Data to process –
##############################
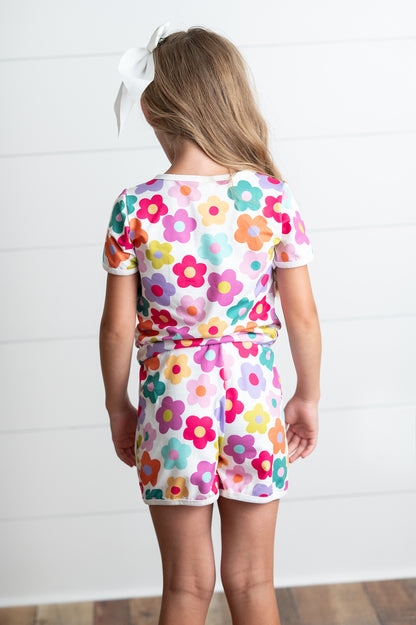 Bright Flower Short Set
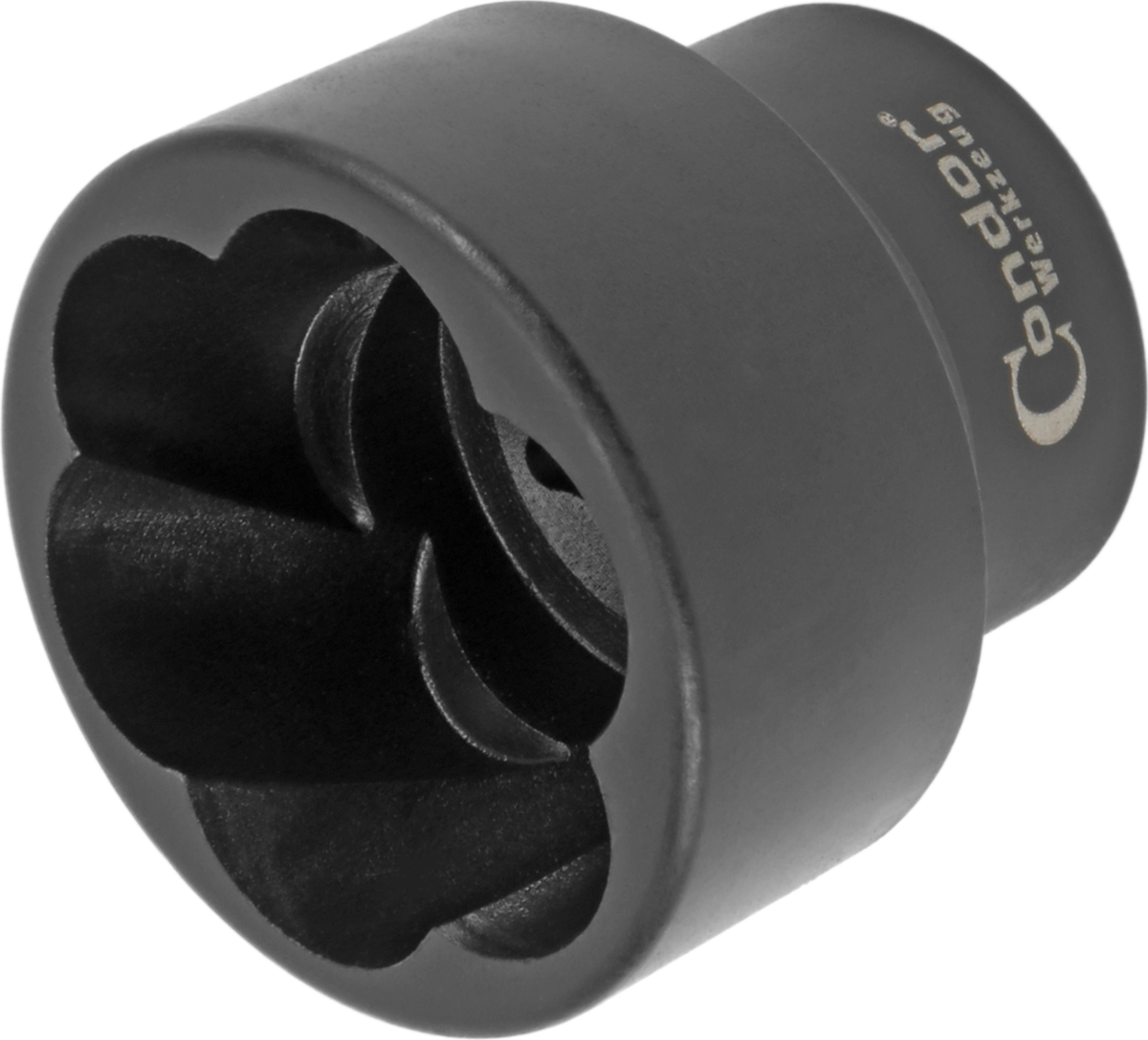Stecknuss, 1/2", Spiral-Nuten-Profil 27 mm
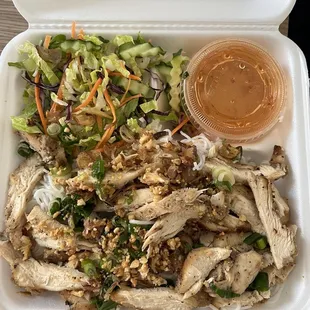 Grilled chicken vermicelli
##############################
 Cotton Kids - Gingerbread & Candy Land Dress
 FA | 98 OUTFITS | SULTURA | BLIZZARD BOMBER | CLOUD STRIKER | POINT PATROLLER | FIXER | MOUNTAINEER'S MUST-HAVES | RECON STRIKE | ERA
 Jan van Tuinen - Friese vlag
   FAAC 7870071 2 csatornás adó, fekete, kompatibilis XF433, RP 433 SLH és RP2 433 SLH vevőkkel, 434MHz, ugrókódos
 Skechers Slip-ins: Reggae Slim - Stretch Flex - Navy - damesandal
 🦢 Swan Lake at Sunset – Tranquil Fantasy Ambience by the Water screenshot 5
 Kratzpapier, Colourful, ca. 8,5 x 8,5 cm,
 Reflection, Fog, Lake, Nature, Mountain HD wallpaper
##############################
Your objective – Search the material above for the string "Lake". Show every line that holds it.

Exercise solution –
 🦢 Swan Lake at Sunset – Tranquil Fantasy Ambience by the Water screenshot 5
 Reflection, Fog, Lake, Nature, Mountain HD wallpaper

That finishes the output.